Editor's Note: This story originally appeared in the January 2003 issue of
O, The Oprah Magazine.

I've been struggling with my weight since I was 22. I'm now almost 49, and ready for the battle to be over. I've lost and gained too many times to count. I've used food to relieve stress, for comfort, and to momentarily stand in for joy.

In 2001, when I was having chest palpitations, I really started to understand that too much weight is too hard on your heart. I took my own advice and made the connection: There is no true love of self if you're abusing your health.

In the past, every time I'd started a weight loss regimen, it was out of vanity. But I'm not a vain person by nature—so it was difficult to maintain a healthy weight just to stay a certain size (preferably 8).

In 1988, the nation watched while I starved myself (using a liquid diet) for four months so I could fit into a pair of jeans. I got down to 145 pounds—and stayed there for one day before the regaining began. I reached my highest weight in 1992, wobbling around at 237 pounds.

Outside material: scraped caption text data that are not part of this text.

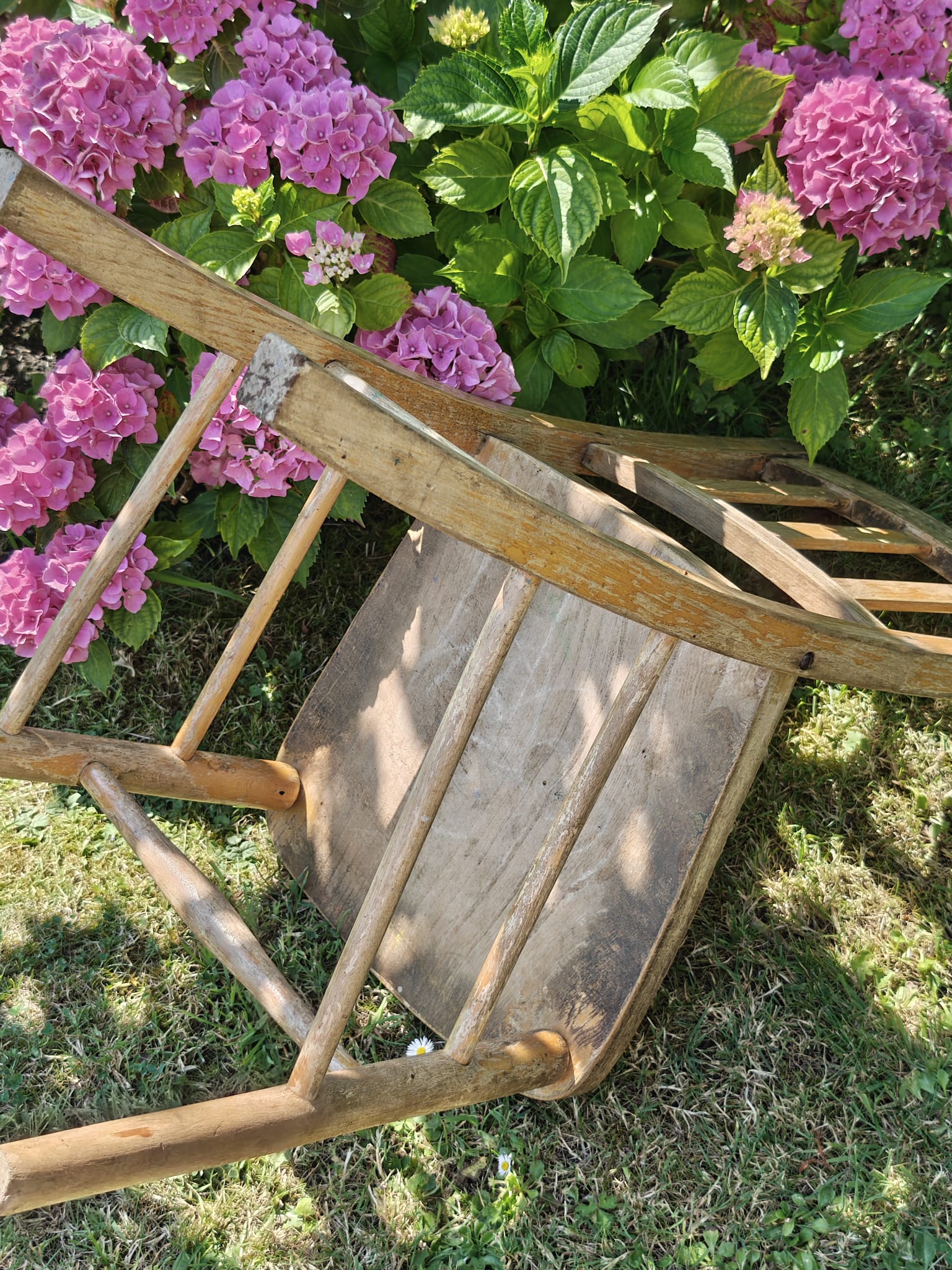 A rustic wooden chair with a weathered finish 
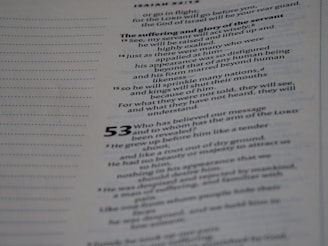A close-up of a page from a document or book with printed text. The content appears to be structured in verses or lines, suggesting it might be from religious or poetic literature. The text is clear and formatted with both regular and bold fonts, with some numbers indicating sections.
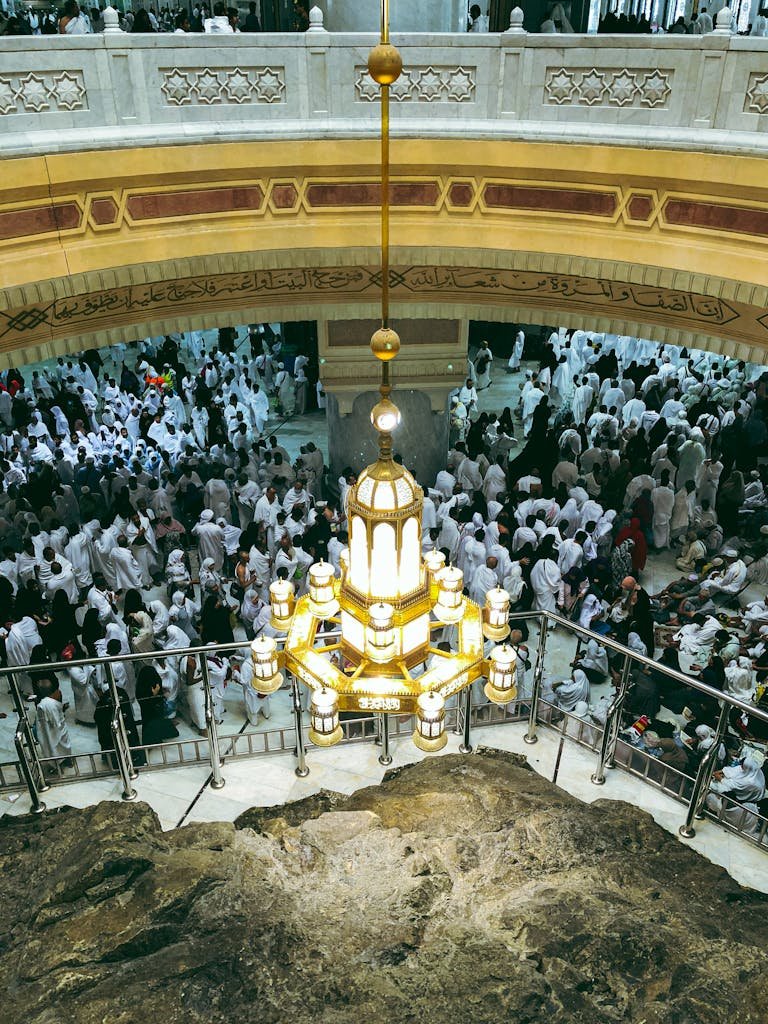 Interior view of Al-Masjid Al-Haram in Mecca with crowds gathered and decorative architecture.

I couldn't stand to look in a mirror or look strangers in the eye—I was that disappointed in myself. So I started working out with Bob Greene, who from the beginning told me that my issues were not about weight. Weight was the symptom of a much bigger problem: my unwillingness to fully love, support, and give to myself on a daily basis what I so freely give to others.

We worked out together for a year. I lost the weight. Ran a marathon, and, give or take ten pounds, kept it off for four years. Then came my beef trial and my devastating disappointment over the box office response to Beloved. I emotionally ate my way back to around 200 pounds. That was my weight in August 2001 when I walked into my doctor's office complaining of heart palpitations. My blood pressure was 180/90. My doctor gave me a grave look and said, "You need to lose weight." "Tell me something I don't know," I thought smugly. I didn't take her advice seriously. After all, I'd been heavier and had never felt my heart racing. I'd had perfect blood pressure—110/70—for years, even at my heaviest.
I hadn't accounted for getting older and the effect of compounded weight on my heart, combined with hormonal changes. I kept going from doctor to doctor, trying to figure out why I couldn't sleep. I remember waking up many a night, my heart pounding, thinking, "I've done a lot of good work, I have a lot of beautiful things—which means nothing in this moment. I'm building a new house I may never get to see because I have a heart problem."

Then I ran across Dr. Christiane Northrup's book The Wisdom of Menopause, which suggested eliminating refined carbohydrates—sugar and all the white foods that immediately convert to sugar in the body. I cut out white rice, white pasta and white breads. I reduced my salt intake. My blood pressure dropped. My heart stopped racing. I could sleep through the night, so I had more strength to work out. And I lost ten pounds almost immediately. At that point, I wasn't trying to lose weight—I was trying not to die.

I talked with Bob, who suggested I take this special time in my life (approaching the Big M) to "nail it for good. You know that two of the most drastic effects of aging are the loss of muscle and bone—and strength training is one of the best ways to counter both of them."

I'd done weight training with him before, but hadn't been consistent, because I'd never really cared about building or preserving muscle. I just wanted to fit into a size 8.

But in January 2002, I got serious about weight-resistance training, and I've watched my body reshape itself. I alternate upper- and lower-body work at least five times a week. Sometimes I do two back-to-back days of full body, followed by a day off to recuperate, and repeat that cycle for a couple of weeks. I also do about 30 minutes of aerobics each day.

I've learned that you can look to other people and programs for inspiration to jump-start yourself, but you have to develop a plan that will work for your life. There are no shortcuts or secrets, no magic patches or pills. If you're reading this article, you've probably dieted and exercised enough to know the truth.

You've got to love yourself and do the work it takes to sustain your most powerful engine: good health. Without it, nothing else matters.

I've gotten a clean bill of health from my doctors—no cardio problems—but I'm still striving every day toward a healthier me. The side effect: I've now lost 33 pounds. I'm on no particular diet—I just eat smaller portions, and I still watch the refined carbohydrates. I favor fish, chicken, fruit, vegetables and lots of soups. And I don't eat after 7:30 p.m. Not even a grape.

I feel great. I'm sleeping well. I'm loving myself.